Edit: It seems I've stimulated a discussion above my level of understanding. As such I don't feel it is up to me to take the role of 'accepting' an answer. However I am grateful for your input and will read all answer.

OctaveParango
  • 113
  • 1
  • 14

2 Answers2

2

Actually, despite being accepted answer, @flyingmeatball's answer is (at least partially) wrong in this particular case. It describes related phenomenon, but clearly not the crucial one for the situation given.

What you described is a case, where you expect your model to have 100% training accuracy, and it does not. This has nothing to do with "data not expressing phenomenon enough" - this would be true for high generalization error, not training one.

Less than 100% training error means, that maybe data itself is too noisy to model (which flyingmeatball suggests), but actually, for training set this would be the case if and only if there are two exactly the same points with different labels. If this is not the case (and probably is not) the actual "problem" is that model that you selected has some internal bias. In simple terms - think about it as assumptions about the data, or even constraints, which your model will not change even if data clearly does not follow it.
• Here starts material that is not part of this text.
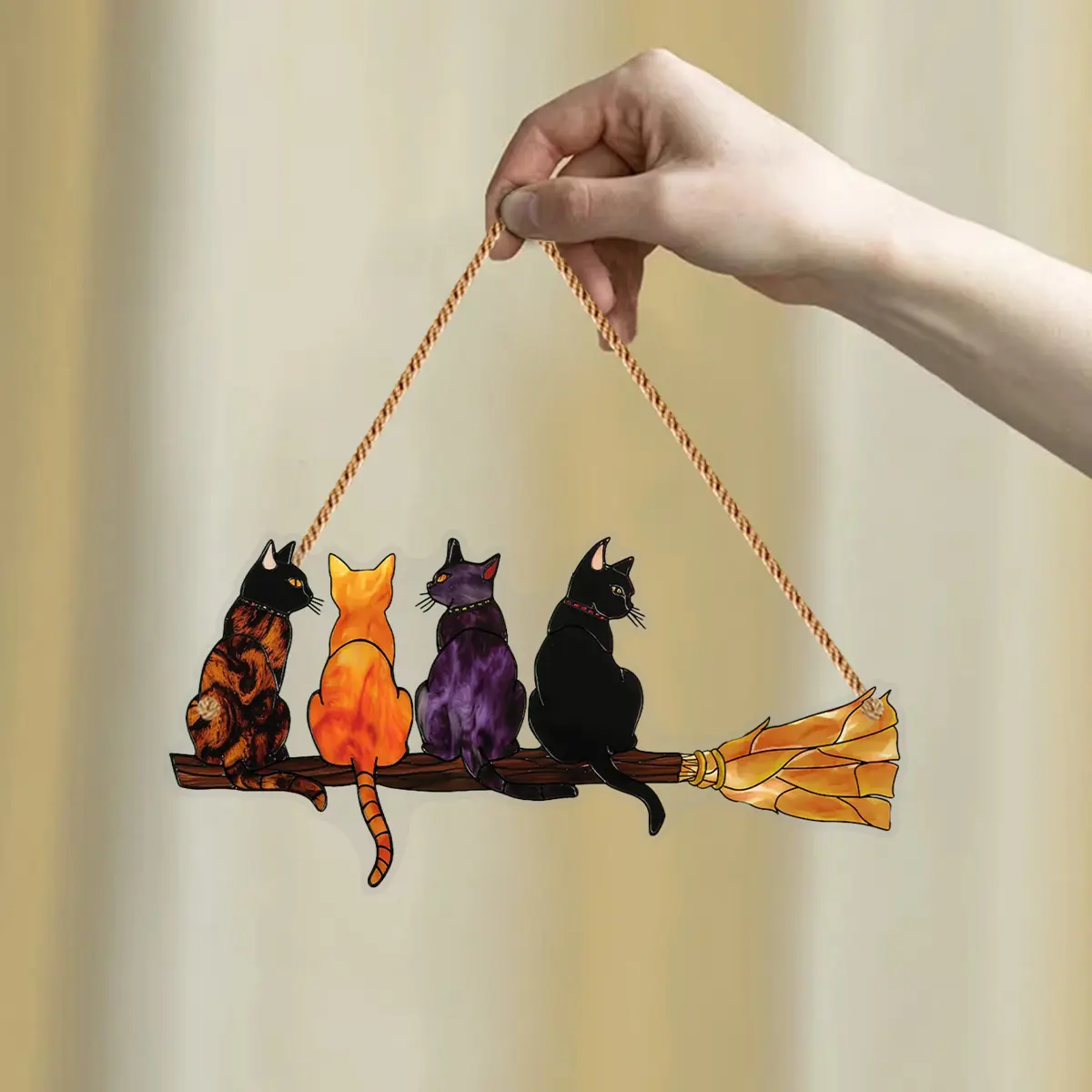Cat Shaped Acrylic Suncatcher Pendant with Broom Design, Acrylic Hanging Ornament, Decorative Hanging Piece, Outside Hanging, Colorful Indoor/Outdoor Hanging Decorations for Garden, Home, No Electricity Required, No Feathers, 2D Flat Artwork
In particular, Naive Bayes have two such assumptions:

  1. Features are independent, meaning that there is no correlation, no important link between label and more than a single feature at the time. If your features are wind and temperature, Naive Bayes will asume that it can make good decisions based on temperature itself, for example assuming that "good temperature is around 20 degress" and the same for wind, for example "at most 10km/h". It will fail to find relation based on both values, like "it is important for the temperature minus the wind to be at least 30", or something similar

  2. It assumes particular distribution of values over each feature - usually this is MultiNomial distribution or Gaussian. These are nice families of distributions, but lots of features do not follow them. For example if your feature is "time at which people buy at my grocery store" (say you treat it as a continuos variable, measures exactly in some microseconds etc.), you will notice, that you have two "peak hours" one in the morning and one in the evening, thus Naive Bayes will do a horrible job fitting a single gaussian, which will have a peak at noon instead! Again, wrong assumption leads to wrong decisions.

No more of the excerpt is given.